Brussels also wants at least 70% of non-battery components to be manufactured in the EU, measured by value. In addition, several key battery components would have to originate from the European Union.

Really, 70%?

The Commission still lists the 70% component threshold in square brackets in the draft, indicating that officials are still debating the figure and may revise it.

The Commission plans to publish the ‘Industrial Accelerator Act’, which will embed the new rules, on 25 February. Brussels will extend the legislation beyond the automotive sector to cover construction and heavy industry as well.

The proposed legislation aims to protect EU industries by requiring CO₂ emissions to be considered in public procurement processes. The rationale behind this is clear: the EU’s manufacturing sector is facing significant pressure from cheaper Chinese competition, high energy prices, and the costs of complying with the Union’s stringent climate initiatives. The ‘Buy European’ initiative has thus emerged from intensive lobbying efforts.

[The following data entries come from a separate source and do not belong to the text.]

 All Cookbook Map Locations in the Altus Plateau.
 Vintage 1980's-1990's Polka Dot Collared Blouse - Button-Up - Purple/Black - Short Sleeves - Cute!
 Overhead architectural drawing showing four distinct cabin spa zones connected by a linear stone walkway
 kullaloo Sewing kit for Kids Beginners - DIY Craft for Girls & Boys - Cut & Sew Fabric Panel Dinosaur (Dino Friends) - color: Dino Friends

This lobbying has not been limited to behind-the-scenes efforts. Europe’s two largest carmakers, Volkswagen and Stellantis, have publicly campaigned for such an initiative.

Earlier this month, VW CEO Oliver Blume and Stellantis manager Antonio Filosa sent a joint open letter calling for domestic production to be prioritized in EU climate regulations. They also proposed financial incentives, stating: “Every battery-electric vehicle ‘Made in Europe’ should receive a CO₂ bonus.”

More independent

The new ‘Buy European’ policy is part of the EU Commission’s broader strategy to reduce Europe’s dependence on China and the US across several sectors. Laws such as the Critical Raw Materials Act (CRMA) have already been introduced by the Commission, but these are intended to be just the beginning.

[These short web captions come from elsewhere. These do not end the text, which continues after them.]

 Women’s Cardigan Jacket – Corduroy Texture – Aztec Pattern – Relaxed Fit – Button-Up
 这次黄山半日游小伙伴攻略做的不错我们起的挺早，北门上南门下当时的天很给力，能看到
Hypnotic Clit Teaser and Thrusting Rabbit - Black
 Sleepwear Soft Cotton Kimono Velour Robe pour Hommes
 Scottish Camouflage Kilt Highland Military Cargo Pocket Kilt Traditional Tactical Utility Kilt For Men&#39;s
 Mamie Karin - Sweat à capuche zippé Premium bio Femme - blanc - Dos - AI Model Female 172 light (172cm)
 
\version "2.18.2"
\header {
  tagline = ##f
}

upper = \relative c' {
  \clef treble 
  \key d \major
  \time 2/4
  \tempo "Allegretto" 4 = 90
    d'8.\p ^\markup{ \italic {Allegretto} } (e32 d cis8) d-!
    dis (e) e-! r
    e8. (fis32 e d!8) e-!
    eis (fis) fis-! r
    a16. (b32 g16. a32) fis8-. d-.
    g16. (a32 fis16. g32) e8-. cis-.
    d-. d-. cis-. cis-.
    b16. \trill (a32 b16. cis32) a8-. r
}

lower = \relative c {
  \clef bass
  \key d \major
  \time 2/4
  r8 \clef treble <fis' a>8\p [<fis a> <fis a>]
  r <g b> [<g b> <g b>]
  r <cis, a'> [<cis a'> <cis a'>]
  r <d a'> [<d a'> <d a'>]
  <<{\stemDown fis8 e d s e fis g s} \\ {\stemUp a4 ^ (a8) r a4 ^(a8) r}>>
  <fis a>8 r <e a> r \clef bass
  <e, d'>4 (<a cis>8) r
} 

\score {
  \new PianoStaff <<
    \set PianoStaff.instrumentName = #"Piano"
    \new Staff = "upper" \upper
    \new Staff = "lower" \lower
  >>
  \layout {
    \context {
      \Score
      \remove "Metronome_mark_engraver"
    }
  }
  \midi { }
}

However, not all local carmakers support such subsidy policies. BMW, for example, has warned that these regulations could create unnecessary costs and bureaucracy.

Other manufacturers, according to the Financial Times, are calling for a more flexible ‘Made in Europe’ rule that extends beyond the EU to include production hubs such as Turkey and the UK, as well as key trading partners like Japan.

And so it surely also depends on where these ‘European’ manufacturers have already outsourced production. Like the member states of Europe, European manufacturers often have different, even opposing interests, which makes it difficult to reach common goals and standards.